If $n$ vectors $a_1, a_2, \cdots , a_n$ are given in $\mathbb{R}^n$ with all lengths at most $1$, then it is not to hard to see that we can put $+$ and $-$ in place of $*$ in the expression $$a_1 * a_2 * \cdots * a_n$$ so that the result will have length at most $\sqrt{n}$.

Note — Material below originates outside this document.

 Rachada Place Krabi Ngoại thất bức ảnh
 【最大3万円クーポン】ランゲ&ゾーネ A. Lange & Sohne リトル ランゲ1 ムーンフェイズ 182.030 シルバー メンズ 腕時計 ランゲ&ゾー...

To see this, it's enough to choose $\lambda_1, \cdots, \lambda_n$ independently and uniformly from $\{\pm 1\}$. Then, put $X={|\sum_{i=1}^{n}a_i\lambda_i|}^2$. By a simple calculation, you will find that $E(X)=n$. Hence there exist specific $\lambda_1, \cdots, \lambda_n = \pm 1$ with and with $X\leq n$. Taking square roots gives the theorem.
Now I am curious to know, is it possible to generalize this theorem as follows?
Assume $N>n$ vectors $a_1, a_2, \cdots , a_N$ are given in $\mathbb{R}^n$ with all lengths at most $1$. Is it possible to put $+$ and $-$ in place of $*$ in the expression $$a_1 * a_2 * \cdots * a_N ,$$ so that the result will have length at most $\sqrt{n}$.